- Goal of the exercise -
Word for word, copy every line of the data.

BEGIN

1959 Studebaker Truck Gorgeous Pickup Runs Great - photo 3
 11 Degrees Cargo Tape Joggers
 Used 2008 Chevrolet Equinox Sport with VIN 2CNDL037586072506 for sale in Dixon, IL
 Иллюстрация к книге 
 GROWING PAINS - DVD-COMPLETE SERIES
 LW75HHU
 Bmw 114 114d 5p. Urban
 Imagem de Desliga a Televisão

END

- Output below -
1959 Studebaker Truck Gorgeous Pickup Runs Great - photo 3
 11 Degrees Cargo Tape Joggers
 Used 2008 Chevrolet Equinox Sport with VIN 2CNDL037586072506 for sale in Dixon, IL
 Иллюстрация к книге 
 GROWING PAINS - DVD-COMPLETE SERIES
 LW75HHU
 Bmw 114 114d 5p. Urban
 Imagem de Desliga a Televisão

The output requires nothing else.